Anxious Pleasures: Shakespearean Comedy and the Nation-state
Anxious Pleasures argues for both a historical way of understanding the unconscious and for exploring how the unconscious is constructed as a threatening underside, or "other," of any discursive order. It arose from author Jonathan Hall's dissatisfaction with the separation of psychoanalytical and historical approaches to literature, as well as from a fascination with the continuing capacity of major Renaissance writers to produce both disturbance and pleasure. It also arose from the author's experience of teaching a multicultural history of comic drama to largely non-Western graduate students. Their probing questions make them the coauthors of this book.
Taking its point of departure from Freud's theorization of the joke, Hall argues that laughter marks the moment when the subject's own commitments to rationality or any other order are dangerously exposed, even though this risk is immediately covered up to avoid the anxiety which full recognition of that exposure would entail. The book's opening chapter argues that the pleasure offered by comic discourse as a channel of libidinal release or de-repression is always doubled by the unconscious anxiety, or desire for restored order, which the comic discourse also constructs as its condition of possibility. The chapter later goes on to relate the forms of inwardly divided subjectivity required by the emergent nation-state to the strategies of Shakespearean comedy. The liberating, expansionist, and anarchic desacralization (or Deleuzian "decoding") of previously stable and authoritative discourse through a play with its signifiers, a desacralization that reveals both the arbitrariness and manipulative power of both verbal and visual signs, is characteristic of early capitalist expansion. And certainly Shakespearean wit, coupled with the psychic mobility of character, contributes greatly to this revolution in language.

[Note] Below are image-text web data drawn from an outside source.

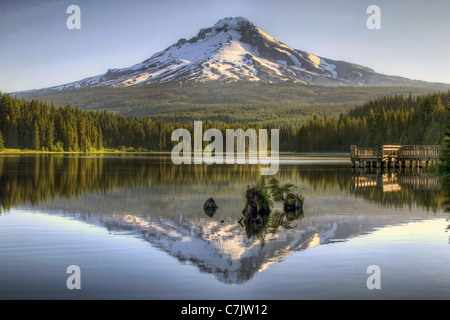 Mount Hood Reflexion über Trillium See mit Angelsteg bei Sonnenaufgang Stockfoto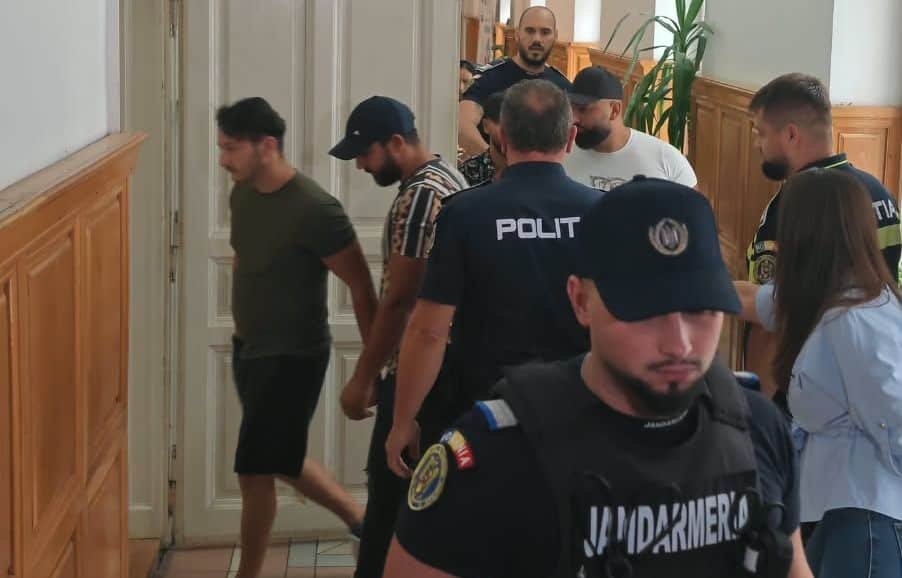 Recea-Cristur: cinci inculpați în atacul asupra ambulanței, eliberați din arest, cu brățări electronice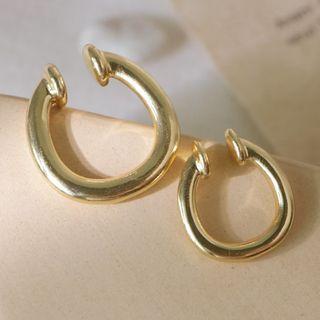 Open Hoop Ear Cuff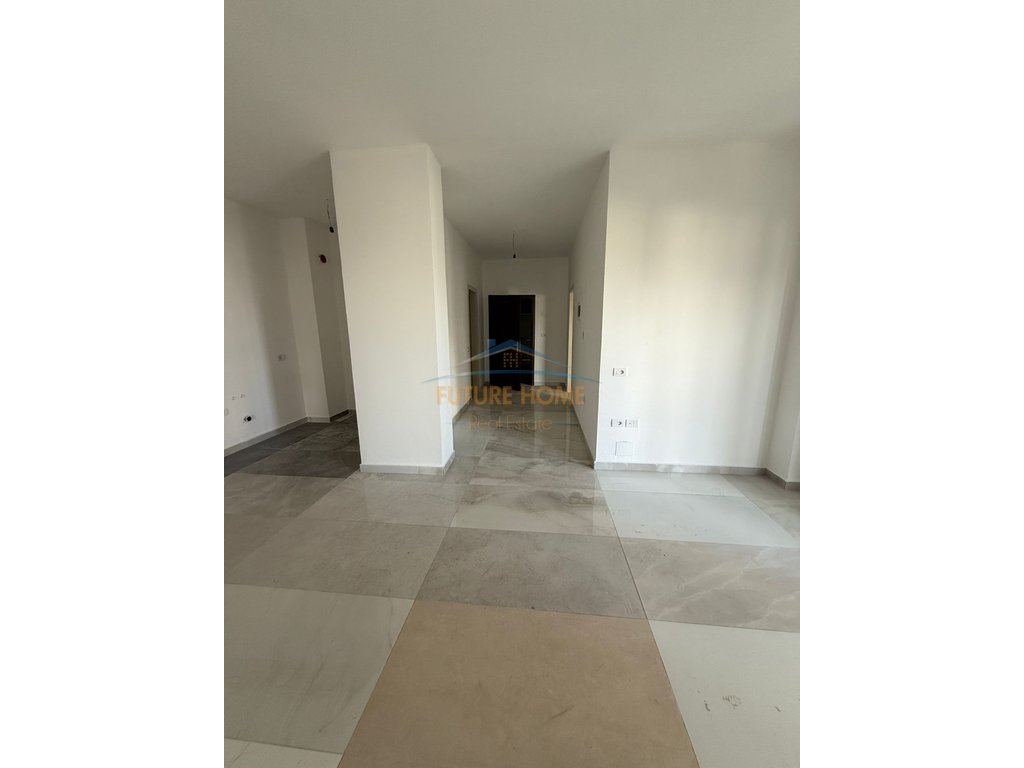 Shitet, Apartament 2+1+2, Casa Italia, Tirane.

The main body of the work offers closer and more concrete readings of the comedies in the light of this historical focus upon the production of an inherently schizoid discourse. The first section, which deals with the merchant plays, explores the relationship of mercantile "adventuring" desire to the state's need for both abstract law and territoriality and personal rule. The following sections deal with such themes as the relationship of wit to political and sexual anxiety, the connection of the mobility of signs to an elusive interiority of the subject, and the paradoxically threatening and redemptive mobility of women in relationship to patriarchal control. The final chapter argues that the psychic divisions set up by Shakespearean comedy are continually reproduced in the modern nation-state - a fact that largely accounts for their continuing playability and the psychic "truths" that both construct and address them.